Il rapporto Caritas sulle tre diocesi keniane più colpite è impressionante perché parla di regioni fino ad oggi considerate aride: «La diocesi di Kitale ha riferito che questo è il peggior disastro naturale mai vissuto. Molte le vittime sorprese nel sonno. Tutte le strade che portano ai villaggi sono interrotte. Nella Diocesi di Lodwar si contano 8mila sfollati. E si registra la perdita di capre, pecore, bovini e cammelli che sono la maggior fonte di sostentamento per la comunità e la distruzione delle poche terre coltivabili. Nella diocesi di Garissa sono morti alcuni studenti in diverse scuole. Si contano 1.654 famiglie colpite».
È possibile sostenere gli interventi di Caritas Italiana, con il conto corrente postale n. 347013, o donazione on-line sul sito www.caritas.it o bonifico bancario (causale “Emergenza Corno d’Africa”) tramite: Banca Popolare Etica, IT24 C050 1803 2000 0001 3331 111; Banca Intesa Sanpaolo, Iban: IT66 W030 6909 6061 0000 0012 474; Banco Posta, Iban: IT91 P076 0103 2000 0000 0347 013; UniCredit, Iban: IT 88 U 02008 05206 000011063119.

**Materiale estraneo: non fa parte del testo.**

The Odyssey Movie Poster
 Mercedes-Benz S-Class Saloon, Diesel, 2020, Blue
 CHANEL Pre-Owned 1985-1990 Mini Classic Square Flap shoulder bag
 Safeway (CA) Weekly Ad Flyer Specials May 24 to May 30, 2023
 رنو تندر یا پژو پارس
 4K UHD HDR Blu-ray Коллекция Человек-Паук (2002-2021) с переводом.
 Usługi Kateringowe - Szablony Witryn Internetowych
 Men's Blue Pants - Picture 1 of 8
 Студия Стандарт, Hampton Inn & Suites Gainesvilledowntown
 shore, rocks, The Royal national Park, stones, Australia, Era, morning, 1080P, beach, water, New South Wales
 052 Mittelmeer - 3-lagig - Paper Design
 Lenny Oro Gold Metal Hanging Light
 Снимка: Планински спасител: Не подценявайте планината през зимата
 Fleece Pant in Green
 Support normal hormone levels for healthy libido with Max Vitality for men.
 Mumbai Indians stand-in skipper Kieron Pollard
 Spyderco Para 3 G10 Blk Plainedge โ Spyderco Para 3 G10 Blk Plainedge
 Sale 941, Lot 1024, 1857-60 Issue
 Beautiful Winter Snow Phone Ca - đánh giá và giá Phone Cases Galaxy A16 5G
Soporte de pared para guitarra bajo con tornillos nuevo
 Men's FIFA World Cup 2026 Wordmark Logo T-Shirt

«In Somalia sott’acqua è andata la zona di Baidoa – racconta il vescovo di Gibuti Giorgio Bertin, amministratore apostolico di Mogadiscio – e anche Gibuti è stata colpita da piogge torrenziali mai viste l’ultima settimana di novembre. Solo 40 anni fa mi era capitato qualcosa di simile, ma ormai è da tempo che succedono questi disastri. Oltre ai danni, soprattutto per gli agricoltori che hanno perso i raccolti, c’è il problema dell’acqua stagnante in insediamenti privi di impianti fognari. Molto alto il rischio di colera e di malattie portate dalle zanzare come malaria e chikungunya». Per inviare gli aiuti la Caritas somala collabora con Coopi, Ong milanese che ha personale locale.
La Caritas italiana ha lanciato l’allarme ed è in costante contatto con le Caritas dei Paesi colpiti. «Ci siamo attivati prontamente – spiega Fabrizio Cavalletti dell’Ufficio Africa di Caritas italiana – raccogliendo anzitutto informazioni, cosa non facile per l’inaccessibilità e la mancanza di sicurezza in diverse aree. La rete Caritas si è mobilitata per rispondere ai bisogni più urgenti in coordinamento con altre organizzazioni sul terreno e le autorità locali. In particolare è in atto la distribuzione di acqua pulita, cibo, kit igienici, ripari di urgenza, teloni impermeabili, zanzariere, servizi igienici temporanei, forniture mediche. Dove è possibile è stato inviato un primo stanziamento e siamo pronti a intervenire con ulteriori contributi in base alle necessità e alle offerte che si riceveranno».
I più colpiti sono gli agricoltori, poi pastori e allevatori. «La situazione è molto critica – puntualizza Cavalletti – soprattutto in Sud Sudan e Somalia dove la popolazione vive da decenni in condizioni di estrema povertà, martoriata da anni di conflitti e fragilità dello Stato. Questa ennesima emergenza, che potrebbe essere gestita in Paesi più avanzati, mette in luce la profonda iniquità che si manifesta nel connubio tra povertà, fragilità politica, conflitti e catastrofi ambientali».